My summer’s day in lusty May

Is darked before the noon.”

GREAT BABYLON BUILT: A BUILDER’S BOAST.

Daniel iv. 29-33.

Walking in the palace of his kingdom of Babylon—that Babylon of which the foundations, indeed, had been laid ages ago, but which he had so enlarged and adorned as to make it one of the world’s wonders—Nebuchadnezzar the king, elate with pride at the pomp of architectural results, flushed with the triumph of enterprises so costly, and achievements so manifest to the eye, gave utterance, in complacent soliloquy perhaps, to the exultant sense of being a master builder indeed, and of seeing his power reflected in so gorgeous a form. The king spake and said, “Is not this great Babylon, that I have built for the house of the kingdom, by the might of my power, and for the honour of my majesty?”

While the word was in the king’s mouth, there fell a voice from heaven, saying, “O king Nebuchadnezzar, to thee it is spoken: The kingdom is departed from thee.” And the sequel we know. How that same hour was the thing fulfilled upon Nebuchadnezzar, and he was driven from men, and did eat grass as oxen, and his body was wet with the dew of heaven, till his hairs were grown like eagles’ feathers, and his nails like birds’ claws,—is it not written in the book of the prophecies of Daniel, whose name was Belteshazzar, and whom the king made ruler over the whole province of that same Babylon the Great?

The royal builder’s boast was on the instant reproved by a degradation literally brutal in its extremity.
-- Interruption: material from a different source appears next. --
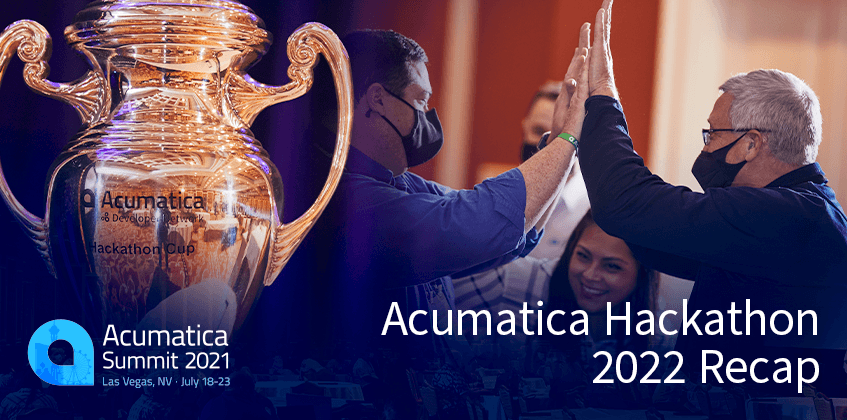 Resumen del Acumatica Hackathon 2022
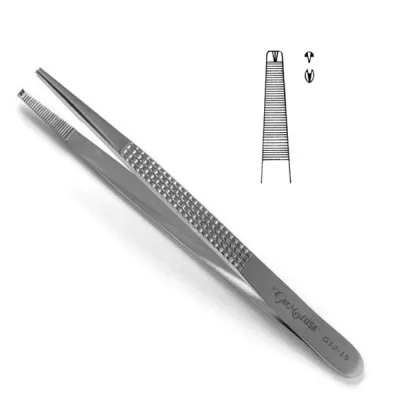 Long  Tissue Forceps  Professional Medical Devices The Basis of Surgical Instruments  skin stapler first aid kit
While the word of complacent self-glorification was in the king’s mouth, the sentence of bestial doom went forth against him. Just when he was resting on his laurels, a taint overtook them. Just when he rejoiced in asserting himself a king of kings, commenced the working of a curse which levelled him with grazing flocks and herds.

The lesson is for all time, and for all sorts and conditions of men. Verifications of it—varying, of course, in kind, and still more in degree—are rife in records historical and biographical, and in the unrecorded experiences, the moving accidents, of everyday life. Just when a man is apt to set up his rest, the fiat goes forth against him which shatters to its base the structure he has reared. The house he has just finished building tumbles to pieces like a house of cards. The castle in whose defences, at last completed, he felt so secure, dislimns like a castle in the air.